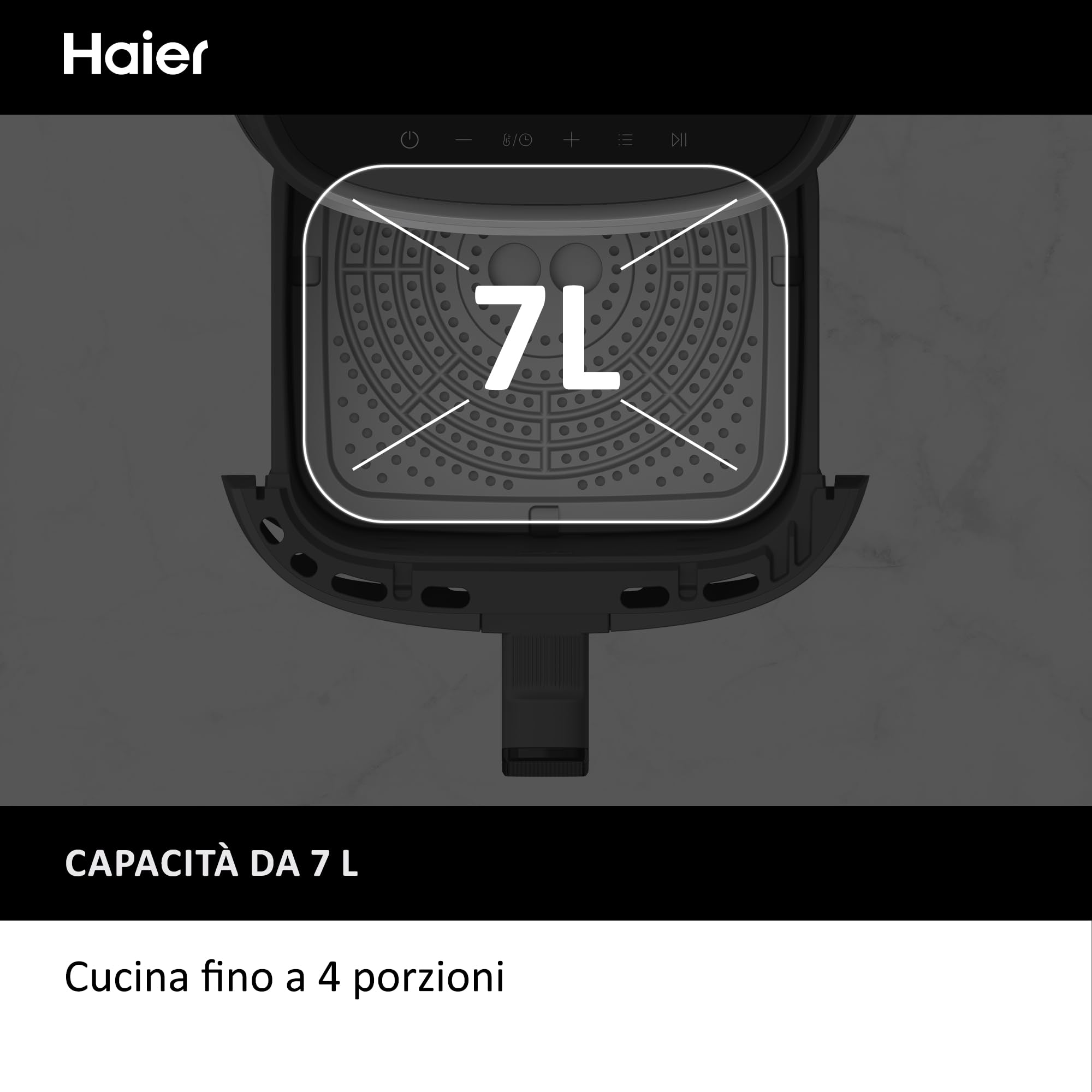 Friggitrice ad aria Haier Serie 5, 9 in 1, Display, Cuocere, Arrostire, Grigliare, Cottura Lenta, Scongelare, Yogurt, 7L, [Nero]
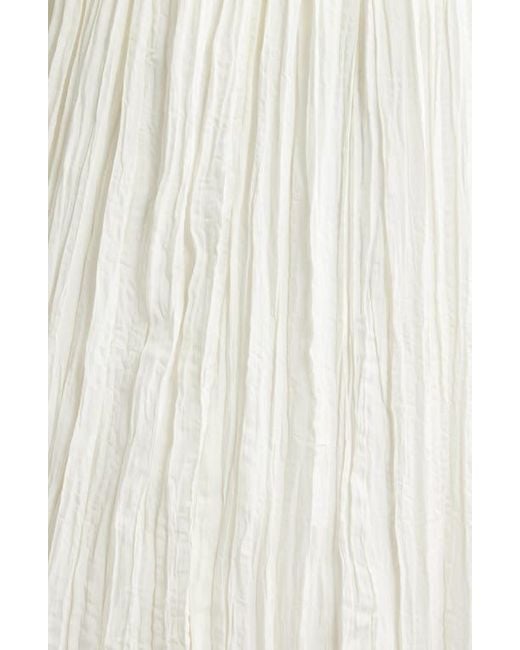 Nordstrom White Crinkle A-Line Maxi Skirt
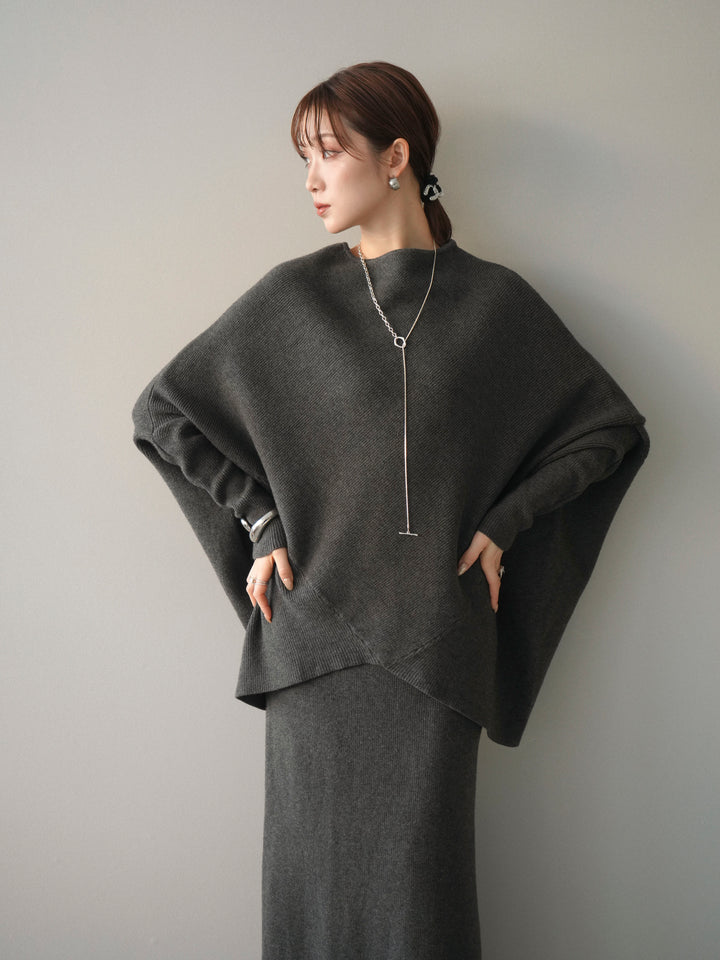 [SET]ウール混ドルマンニット&スカートSET UP+選べるアクセセット(2set)
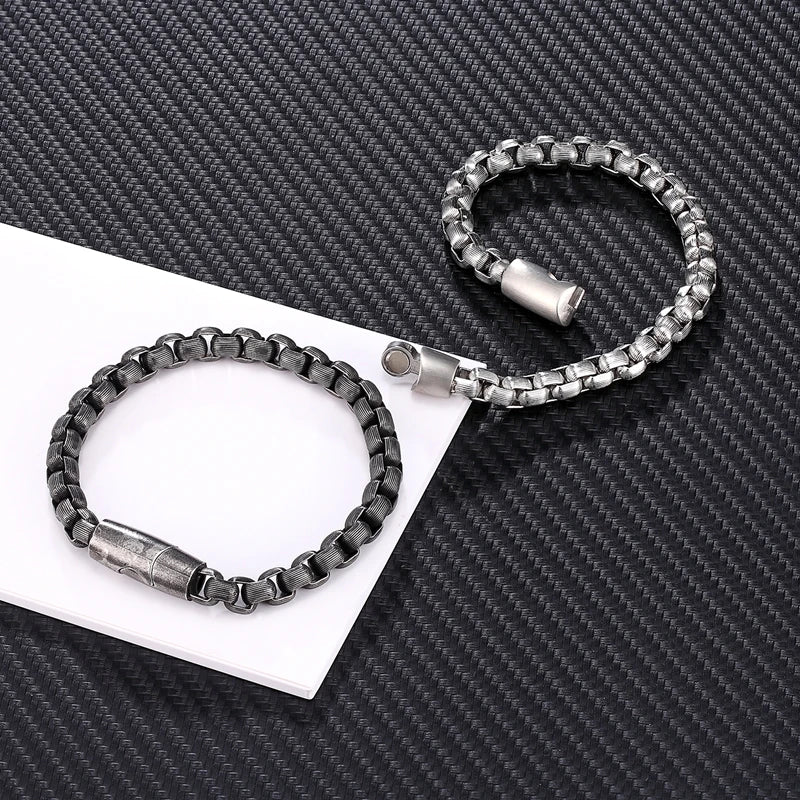 MKENDN Vintage Oxidized Cool Curb Chain Bracelets for Men Stainless Steel Punk Rock Antique Cubic Foxtail Chain Male Pulseira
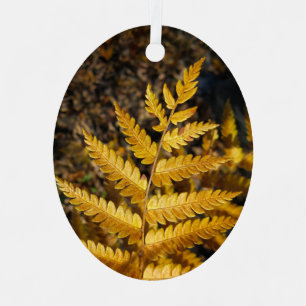 Ornement En Métal Feuilles Golden Yellow Fern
--------
* _Exercise description_: Each record must be set down again without alteration, and no picture may be carried over.

* _Written solution_:
 Friggitrice ad aria Haier Serie 5, 9 in 1, Display, Cuocere, Arrostire, Grigliare, Cottura Lenta, Scongelare, Yogurt, 7L, [Nero]
 Nordstrom White Crinkle A-Line Maxi Skirt
 [SET]ウール混ドルマンニット&スカートSET UP+選べるアクセセット(2set)
 MKENDN Vintage Oxidized Cool Curb Chain Bracelets for Men Stainless Steel Punk Rock Antique Cubic Foxtail Chain Male Pulseira
 Ornement En Métal Feuilles Golden Yellow Fern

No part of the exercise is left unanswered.